- Lizzie Redwood
Mussel, Corn and Jalapeno Fritters with Horseradish Mayo
Prep Time: 20 minutes
Serves: 2-4 people
1ptk Omega Mussels
¼ cup Milk
½ cup Self raising flour
½ tsp Curry powder
Pinch of salt and pepper
80g Sweet corn kernels (frozen)
2 Sticks of spring onion (finely sliced)
20g Jalapenos (finely chopped)
2 tbsp Canola oil
2 tbsp Butter
½ cup Best foods mayonnaise
2 tbsp Horseradish cream
Remove the mussels from the pouch, remove the meat from the shells, check for any beards and that they are clean. Roughly chop the mussels and place into a bowl.

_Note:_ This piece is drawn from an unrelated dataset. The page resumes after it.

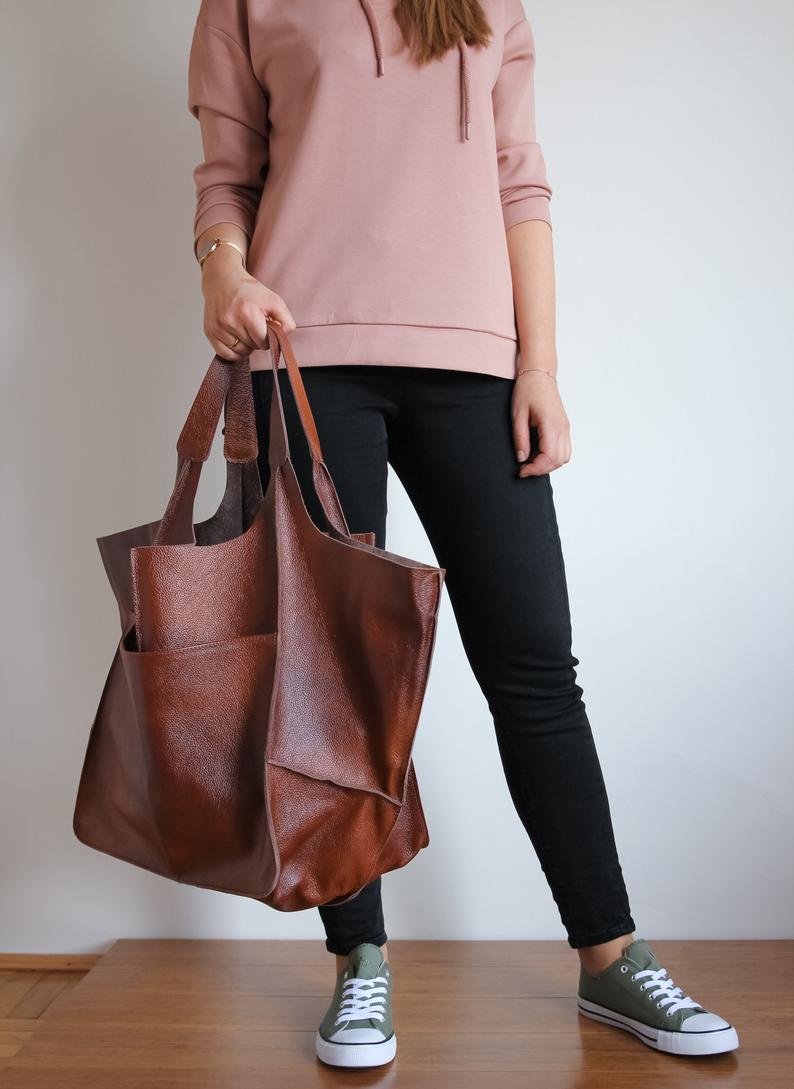 COGNAC LEATHER TOTE bag, Slouchy Tote, Cognac Handbag for Women, Every Day Bag, Women leather bag, Weekender Oversized bag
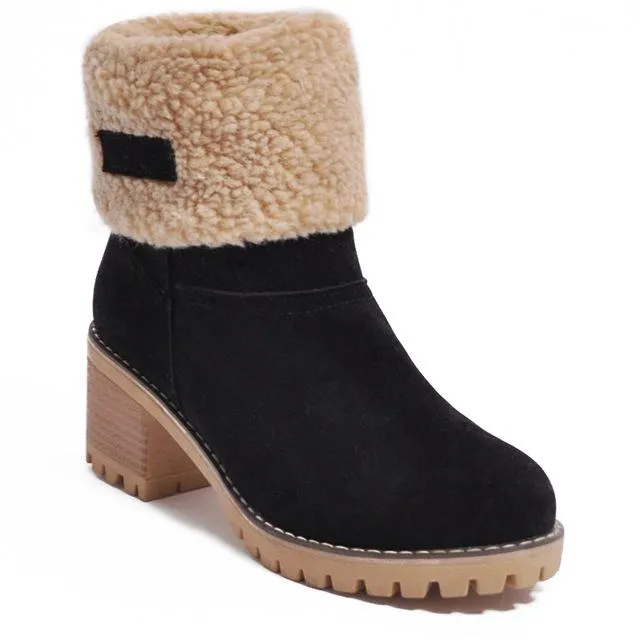 Women's chuky block heel ankle snow boots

In another large bowl add the milk, flour, curry powder, salt and pepper and egg, whisk until smooth. Add the sweet corn kernels, spring onion, jalapeno and chopped mussels and mix until well combined.
Place into the fridge for half an hour to chill.
In a separate bowl add the mayonnaise and horseradish cream together and mix well.
Heat a large non-stick pan to a medium heat, add the canola oil and butter, allow the butter to melt and foam a little.
Using a dessert spoon add spoonfuls of the batter into the pan, keeping a gap between each spoonful.
Allow to cook on one side until golden brown, about 2-3 minutes then flip to cook the other side until golden brown.
Remove from the pan and place onto your serving platter, serve with the horseradish mayo.